The Heimlich Maneuver, formally known as abdominal thrusts, is an emergency procedure designed to clear a person’s upper airway obstructed by a foreign object. This technique works by rapidly increasing pressure within the abdomen and chest cavity, creating an artificial cough. The sudden burst of air pressure from the lungs forcefully expels the blockage. This intervention is a globally recognized first-aid response for choking and is taught in basic life support courses worldwide.
Quantifying Success Rates
Determining a precise, universally accepted success rate for the Heimlich Maneuver is challenging because ethical constraints prohibit controlled studies on human choking victims. Efficacy is primarily assessed through observational data, case reports, and retrospective analyses of emergency medical services (EMS) incidents. Despite the difficulty in obtaining definitive statistics, the maneuver is widely considered the most effective non-invasive method for relieving a severe airway obstruction.
One large retrospective study analyzing EMS data in the United States found that abdominal thrusts successfully removed the obstruction in approximately 46.6% of reported cases. This figure represents all attempts in a real-world emergency setting, including those performed by untrained bystanders or in complex circumstances. For children under 15 years old, the recorded success rate was notably higher, reaching 60.2%.
When the maneuver is performed correctly and promptly, some research suggests the success rate can approach 80% to 85%. The procedure generates significant intrathoracic pressure, mimicking a powerful cough, which is the physical mechanism behind its effectiveness. Its immediate application by bystanders solidifies its standing as the standard of care for a conscious choking person.
The Critical Role of Proper Technique
The success of abdominal thrusts relies on the rescuer’s correct execution of the technique to maximize the pressure gradient behind the object. For a conscious adult, the rescuer stands behind the victim, wrapping their arms around the waist. The rescuer makes a fist with one hand and places the thumb side against the abdomen, slightly above the navel and well below the rib cage.
The second hand grasps the fist, and a quick, forceful thrust is delivered inward and upward, as if attempting to lift the person. These rapid thrusts compress the diaphragm and lungs, forcing the remaining air out and generating the high-pressure burst. This artificial cough is repeated up to five times, with the rescuer checking between each attempt to see if the obstruction has cleared.
Technique must be adapted for specific populations where standard abdominal thrusts are not feasible or safe. For individuals who are pregnant or obese, the rescuer performs chest thrusts instead. In this variation, the hands are placed on the center of the breastbone, and the thrusts are delivered straight back, avoiding pressure on the abdomen.
Infants require a completely different approach due to the fragility of their anatomy, involving a sequence of five back blows followed by five chest thrusts. The infant is held face down along the rescuer’s forearm for the back blows, and then turned face up for the two-finger chest thrusts. This modified protocol ensures the child’s safety while still applying the necessary forces to clear the airway.

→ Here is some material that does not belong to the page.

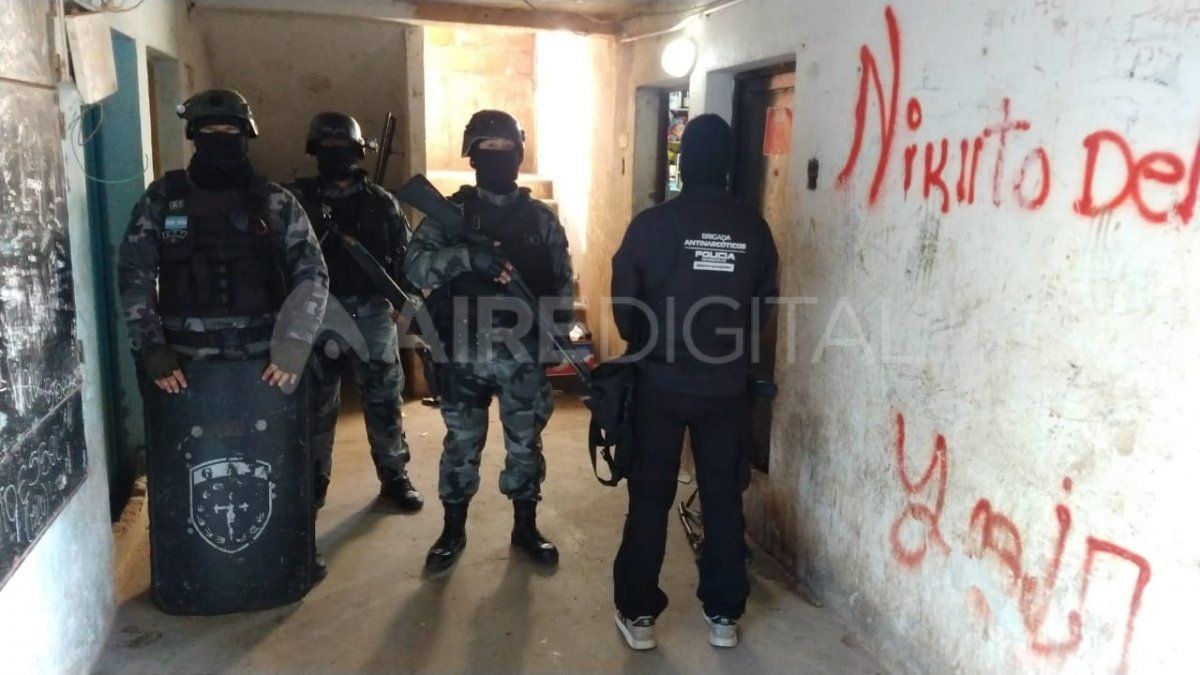 La Brigada Operativa N° 1 Antinarcóticos realiza los procedimientos en los monoblocks 13 y 14 del barrio Acería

Variables Influencing the Outcome
Several factors influence the success of the Heimlich Maneuver in an emergency. The speed of intervention is a major determinant, as brain damage can occur within minutes of complete airway blockage. A lower level of impaired consciousness in the victim is associated with a higher success rate, since victims who are becoming unresponsive are more difficult to save.
The physical characteristics of the obstructing object also play a role; a smooth, round object creating a near-perfect seal is often more difficult to dislodge than an irregularly shaped one. Complete obstructions, where no air can pass, respond better to the thrusts than partial blockages where the victim can still cough forcefully. The victim’s underlying health condition, such as frailty or osteoporosis, can impact the force that can be safely applied, potentially limiting the maneuver’s effectiveness.
Immediate Aftercare and Follow-up
Regardless of whether the abdominal thrusts successfully expel the foreign object, immediate medical evaluation by calling emergency services is necessary. Even successful interventions carry a risk of internal injury due to the forceful compression of the upper abdomen. Complications can include rib fractures, bruising of internal organs, or more serious injuries like spleen laceration or gastric rupture.
A medical professional must assess the victim for any internal damage and ensure the airway is completely clear. In some cases, the object may have been partially dislodged but not fully expelled, or it may have moved further down the airway where it still poses a risk. Follow-up is necessary to identify and treat these potential hidden injuries.
Should the person become unconscious while the rescuer is attempting to clear the airway, the procedure must immediately transition to cardiopulmonary resuscitation (CPR). The victim should be lowered gently to the floor, and the rescuer should begin chest compressions. The chest compressions used in CPR may serve the dual purpose of circulating blood and potentially dislodging the object.